Proposals are expected to contribute to increase the necessary knowledge of hydrogen FC technology and demonstrate systems in specific non-road applications. As such, it will set a robust basis for the future development, from production lines to commercial products, of NRMM vehicles, as well as providing insights with respect to requirements for refuelling stations.

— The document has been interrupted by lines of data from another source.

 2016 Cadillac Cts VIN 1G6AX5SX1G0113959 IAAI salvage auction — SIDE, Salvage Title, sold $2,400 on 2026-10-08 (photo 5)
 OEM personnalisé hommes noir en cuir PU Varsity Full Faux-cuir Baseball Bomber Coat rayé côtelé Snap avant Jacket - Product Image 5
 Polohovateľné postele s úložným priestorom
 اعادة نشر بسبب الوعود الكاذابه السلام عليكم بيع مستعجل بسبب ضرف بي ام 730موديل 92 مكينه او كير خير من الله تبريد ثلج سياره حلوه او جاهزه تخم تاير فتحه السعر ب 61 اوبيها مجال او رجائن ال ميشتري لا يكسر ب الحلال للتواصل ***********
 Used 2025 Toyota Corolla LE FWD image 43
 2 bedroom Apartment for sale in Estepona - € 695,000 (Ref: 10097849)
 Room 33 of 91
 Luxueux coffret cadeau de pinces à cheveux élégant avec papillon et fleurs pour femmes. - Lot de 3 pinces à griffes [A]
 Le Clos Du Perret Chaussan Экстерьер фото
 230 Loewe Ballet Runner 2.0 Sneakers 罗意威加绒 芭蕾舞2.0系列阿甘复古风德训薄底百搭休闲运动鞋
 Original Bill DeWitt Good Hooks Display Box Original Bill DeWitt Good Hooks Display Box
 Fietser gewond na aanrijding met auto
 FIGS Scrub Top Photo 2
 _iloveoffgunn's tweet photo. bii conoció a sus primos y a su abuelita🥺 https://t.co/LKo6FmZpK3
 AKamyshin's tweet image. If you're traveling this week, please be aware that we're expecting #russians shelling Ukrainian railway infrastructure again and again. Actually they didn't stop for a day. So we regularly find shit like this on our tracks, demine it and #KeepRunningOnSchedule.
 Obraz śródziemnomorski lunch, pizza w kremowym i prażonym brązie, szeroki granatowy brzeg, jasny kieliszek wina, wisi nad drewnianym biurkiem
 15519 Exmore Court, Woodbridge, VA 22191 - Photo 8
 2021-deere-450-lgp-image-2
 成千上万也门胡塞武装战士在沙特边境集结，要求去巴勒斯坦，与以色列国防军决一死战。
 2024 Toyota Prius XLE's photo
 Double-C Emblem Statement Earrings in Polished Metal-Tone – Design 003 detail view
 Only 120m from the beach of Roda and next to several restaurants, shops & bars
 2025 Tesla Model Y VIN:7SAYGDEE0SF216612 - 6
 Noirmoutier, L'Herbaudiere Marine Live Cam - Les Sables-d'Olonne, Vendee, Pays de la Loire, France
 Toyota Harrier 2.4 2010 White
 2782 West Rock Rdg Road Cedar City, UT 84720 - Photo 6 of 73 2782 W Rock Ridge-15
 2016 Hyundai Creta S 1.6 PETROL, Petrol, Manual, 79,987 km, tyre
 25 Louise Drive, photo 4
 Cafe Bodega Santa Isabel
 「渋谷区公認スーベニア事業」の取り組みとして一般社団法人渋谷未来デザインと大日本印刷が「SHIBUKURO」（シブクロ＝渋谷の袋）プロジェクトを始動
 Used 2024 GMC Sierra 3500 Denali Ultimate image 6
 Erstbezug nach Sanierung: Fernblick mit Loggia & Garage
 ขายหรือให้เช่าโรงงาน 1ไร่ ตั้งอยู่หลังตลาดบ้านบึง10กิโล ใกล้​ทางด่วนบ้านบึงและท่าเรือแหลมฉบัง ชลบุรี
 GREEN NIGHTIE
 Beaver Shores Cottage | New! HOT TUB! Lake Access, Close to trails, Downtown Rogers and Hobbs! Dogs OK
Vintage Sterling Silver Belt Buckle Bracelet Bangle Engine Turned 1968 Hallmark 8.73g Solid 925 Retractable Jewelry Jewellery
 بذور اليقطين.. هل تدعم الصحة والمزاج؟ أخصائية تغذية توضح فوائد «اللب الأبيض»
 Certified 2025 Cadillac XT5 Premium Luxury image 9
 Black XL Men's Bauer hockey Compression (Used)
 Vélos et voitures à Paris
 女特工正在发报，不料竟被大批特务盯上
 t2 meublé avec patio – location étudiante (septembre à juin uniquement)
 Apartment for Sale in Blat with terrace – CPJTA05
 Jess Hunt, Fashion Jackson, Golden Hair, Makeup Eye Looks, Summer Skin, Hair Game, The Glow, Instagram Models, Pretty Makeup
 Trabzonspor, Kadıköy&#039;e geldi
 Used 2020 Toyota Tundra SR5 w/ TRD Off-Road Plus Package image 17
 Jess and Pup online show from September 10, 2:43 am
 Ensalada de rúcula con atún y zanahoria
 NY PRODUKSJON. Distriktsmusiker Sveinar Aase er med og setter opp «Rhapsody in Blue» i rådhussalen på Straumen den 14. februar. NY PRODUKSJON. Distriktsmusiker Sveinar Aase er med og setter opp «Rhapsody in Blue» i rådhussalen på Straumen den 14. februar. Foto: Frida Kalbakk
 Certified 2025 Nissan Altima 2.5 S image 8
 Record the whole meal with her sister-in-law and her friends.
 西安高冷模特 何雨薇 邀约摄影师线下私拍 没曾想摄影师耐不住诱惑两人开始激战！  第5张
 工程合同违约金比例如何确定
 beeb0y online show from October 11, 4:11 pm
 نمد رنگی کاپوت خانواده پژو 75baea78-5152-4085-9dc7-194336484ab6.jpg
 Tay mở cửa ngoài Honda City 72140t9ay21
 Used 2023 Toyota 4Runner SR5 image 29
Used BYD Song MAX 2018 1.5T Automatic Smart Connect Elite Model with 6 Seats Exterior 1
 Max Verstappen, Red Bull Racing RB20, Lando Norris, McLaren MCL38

Project results are expected to contribute to all of the following expected outcomes:

• Demonstration of hydrogen FC NRMMs performance and reliability in real environments by 2027;
• Validation of safe hydrogen FC solutions and systems in demanding off-road applications;
• Acquiring data for the calculation of total cost of ownership and comparison with other existing and future technologies;
• Building confidence in hydrogen fuel cell technology and supply chain for all of the off-road industry sectors and thus accelerating their uptake;
• Identification of suitable solutions to any legal or standards requirement likely to prevent the successful introduction of hydrogen FC technology in the various NRMM fields of application;
• Increased energy efficiency of NRMM resulting in energy savings in line with REPowerEU priorities.

Project results are expected to contribute to the following objectives and KPIs:

• Single machine level impact, targeted figures by 2030:
  • Avoided emissions, respectively for 50 /100 / 150 / 250 / 400 kW NRMM: 11,3 / 22,5 / 41,4 / 149,2 / 271,9 tonnes of CO₂-eq / year
  • Hydrogen consumption, respectively for 50 /100 / 150 / 250 / 400 kW NRMM : 1,0 / 1,9 / 3,5 / 12,7 / 23,1 tonnes of H₂ / year
  • External sound power level reduction, respectively for 50 /100 / 150 / 250 / 400 kW NRMM :-9 / -10 / -11 / -12 / -13 dB(A)
• Fuel Cell power system on NRMM :
  • Fuel Cell power system lifetime: 80% of conventional power sources by project end, same or better than conventional power source by 2030.
  • Fuel Cell module CAPEX: < 800 €/kW by proejct end, < 500 €/kW in 2030
  • Fuel Cell module availability: 80% of NRMM availability by project end, same or better than NRMM by 2030

This topic is addressing types of NRMM currently running with an ICE utilising conventional fuels in the construction & mining (excavators, loaders, haulers, bulldozers, etc.) and agricultural & farming (harvesters, cultivators, etc.) sectors.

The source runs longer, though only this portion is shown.